COMPOSITE COTTON AND POLYESTER YARN AND METHOD FOR MAKING SAME

Abstract

A composite polyester and cotton yarn is formed by blending polyester fibers with cotton fibers which have been regenerated from waste cotton material such as trimmings and cuttings from the apparel manufacturing industry. The fibers are cleaned and blended, then carded to align the fibers into strands. Depending on the size and texture of the desired yarn, the fibers are stretched and drawn into slivers prior to spinning to join the fibers together. The polyester fibers are preferably recycled polyethylene terephthalate fibers which are up to three time longer than the regenerated cotton fibers, so that the polyethylene terephthalate fibers overlap and braid onto the regenerated cotton fibers during spinning. The resultant yarn is stronger and more absorbent than yarns made solely out of regenerated cotton fibers. The yarn is suitable for producing woven or knit fabric for the production of colorful and functional clothing and home textiles without the need for further bleaching or dyeing.

Description

BACKGROUND OF THE INVENTION

Textile fabric treatment typically includes bleaching vast amounts of greige fabric and then dyeing the fabric to a desired color for use in manufacturing various fabric articles such as clothing, household linens, and canvas. Unfortunately, the effluents produced by the treatment processes can be harmful to the environment, thus increasing the costs of manufacture of such fabrics to safeguard the environment. In addition, waste fabric resulting from trimming and cutting the fabric during the formation of fabric articles must be discarded. The waste is typically dumped into landfills or incinerated, thereby releasing harmful pollutants into the environment and/or atmosphere.

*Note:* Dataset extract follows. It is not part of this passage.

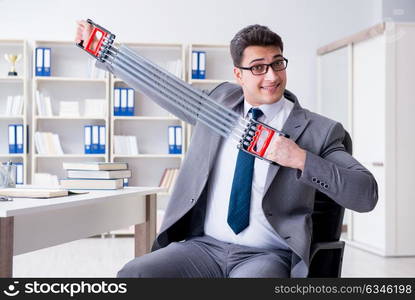 Young businessman exercising with elastic expander in office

Accordingly, there exists a need to recapture and reuse the waste fabric material, particularly bleached and dyed materials formed of cotton. The present invention relates to the production of yarn from a blend of regenerated cotton fibers from waste fabric material and of natural hemp fibers or polyester fibers formed from recycled polyethylene terephthalate (PET). No further bleaching or dyeing of the yarn is necessary. The yarn can be woven or knit into new fabric for production of colorful and functional clothing, household linen, canvas and the like.

BRIEF DESCRIPTION OF THE PRIOR ART

It is known in the art to produce a composite yarn formed of vegetable and cotton fibers as disclosed in Haughey U.S. Pat. No. 1,986,970. Among the vegetable fibers disclosed in Haughey are hemp. It is also known in the art to recycle cotton waste material by breaking the material down into fibers and then blending the recycled fibers with virgin cotton fibers to manufacture yarn having a recycled content as disclosed in the Heifetz U.S. Pat. No. 5,331,801. Fleece garments formed from recycled PET fibers are also known in the art.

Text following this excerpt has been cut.